Style: What about the baseball stadium? If the Braves don't come back, could Richmond get another team? Also, there aren't a lot of cities that are getting new baseball teams without building new parks. That seems to be the trend.
Wilder: Is there a need for a new stadium or a need for a development around a stadium? To the extent that The Diamond is out there, to the extent that we had already committed to $18.5 million dollars in renovations [for The Diamond] you mean to say there aren't some teams who wouldn't want to come to that? Where you have adequate parking, where you have easy access from the highway. [Interstate] 95 is right there, access to [Interstate] 64. Why would they turn it down? Because it's not brand new? I don't know that that's the case when the attendance figures here are second in the International League [in which the Richmond Braves play]. Why would anybody reject that?
So are you getting behind the idea of developing The Diamond area first? Maybe going in that direction?
If you look at my letter, I've asked [Terry McGuirk, president of the Atlanta Braves], Are you going to leave or not? Let us know something. [For the Braves] to respond, "We are waiting for the mayor to commit to show Richmond's commitment to it." And I ask you as I asked earlier on: Would you commit to seriously considering any involvement based on the information that you have seen publicly? I tell you what you have seen publicly is as much as I've seen privately. I've seen nothing else other than what you've seen. Nothing.
One of the developers who came with the Braves, Timothy Kissler of Global Development Partners, said that when he first visited the Bottom he knew immediately that a retail and residential development could work. If so, why do you need a baseball stadium?
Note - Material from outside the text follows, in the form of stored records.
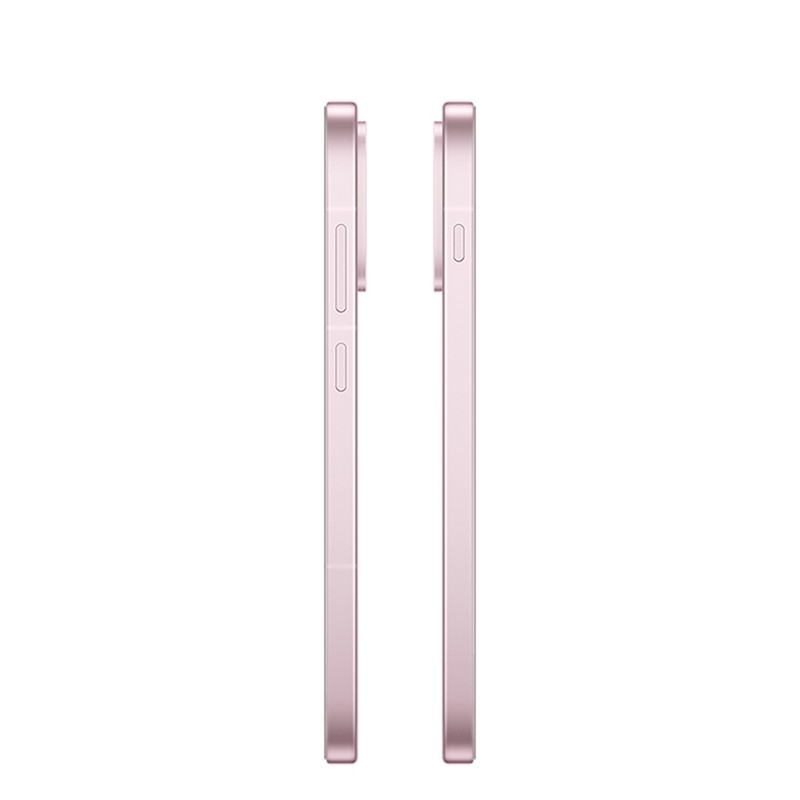 OnePlus 13T 12GB+256GB Rosa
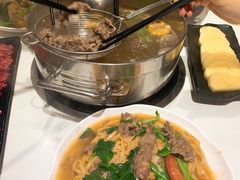 -陈记顺和牛肉火锅馆(天河北路店)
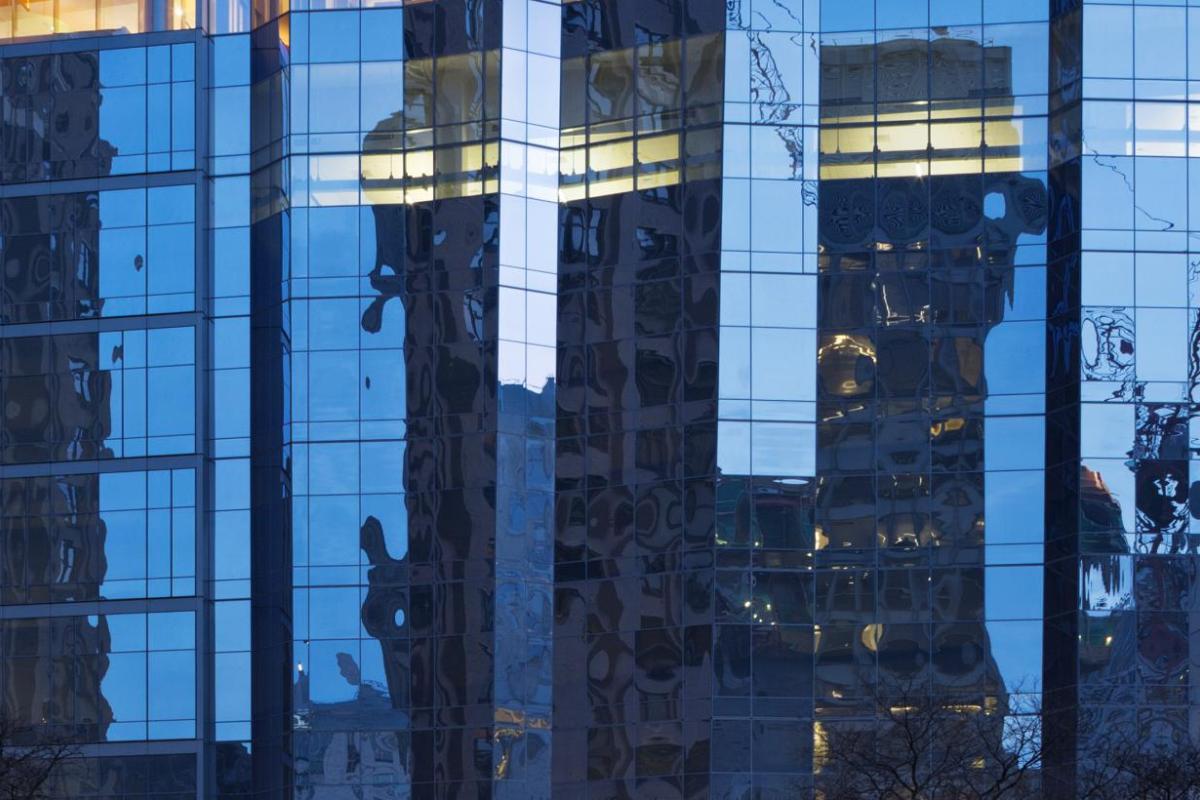 Annual Meeting of Shirley Ryan AbilityLab Board and Keystone Board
Why hasn't somebody else done it? That's a very good question. There are people who are saying they want to look at the development down there without a stadium.
Are you open to that?
I am. I tell you what I'm open to: Not being tied down so that things are being blocked for new baseball teams that want to come in here or for development of the Bottom. We've got to get that drain fixed one way or the other. Now the question is: Do we fix it for another 100-year flood, which is uneventful in thinking that it might take place, or do we fix it in the ordinary sense of what ordinary rain and ordinary drainage would require? Particularly looking to what we may needed to have done with the floodgate when that rain came [in August]. Should we have done some other things that we didn't do? Talking with people I know who are knowledgeable in engineering, they are saying that the type of pipe that would be needed for the drainage down there is a huge pipe that it would have to be designed, it would have to be built, and that every passing day tells you that none of this is going to take place by 2008. Not that it's so expensive but you've got to do it.
We're going to fix the drainage, period. The only thing that I have seen so far is that the Braves have said to the developers, If you guys can get us a new stadium, hey, we'll put it down there [in the Bottom], where we won't have to pay for it. Because you are going to be paying for it with all of the things that you are doing with the development around it. You have not heard anybody from the Braves say they are going to put up a dime for anything debt service, engineering study, feasibility. I'm not being critical, I'm being realistic and objective.
Shifting gears. As you dug into the budget, what were some of the themes that stuck out, that emerged as you really dug into the financial situation of the city? What do we have to fix?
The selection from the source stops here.